*Dataset extract*

-- -- --

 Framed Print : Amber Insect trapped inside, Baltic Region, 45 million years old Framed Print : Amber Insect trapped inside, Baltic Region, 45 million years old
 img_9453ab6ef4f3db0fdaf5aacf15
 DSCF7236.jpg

-- -- --

*Problem requirements*
What are the lines from the one containing "img_9453ab6ef4f3db0fdaf5aacf15" to the end of the material above? Return them exactly, and only them.

*Reply to the task*
 img_9453ab6ef4f3db0fdaf5aacf15
 DSCF7236.jpg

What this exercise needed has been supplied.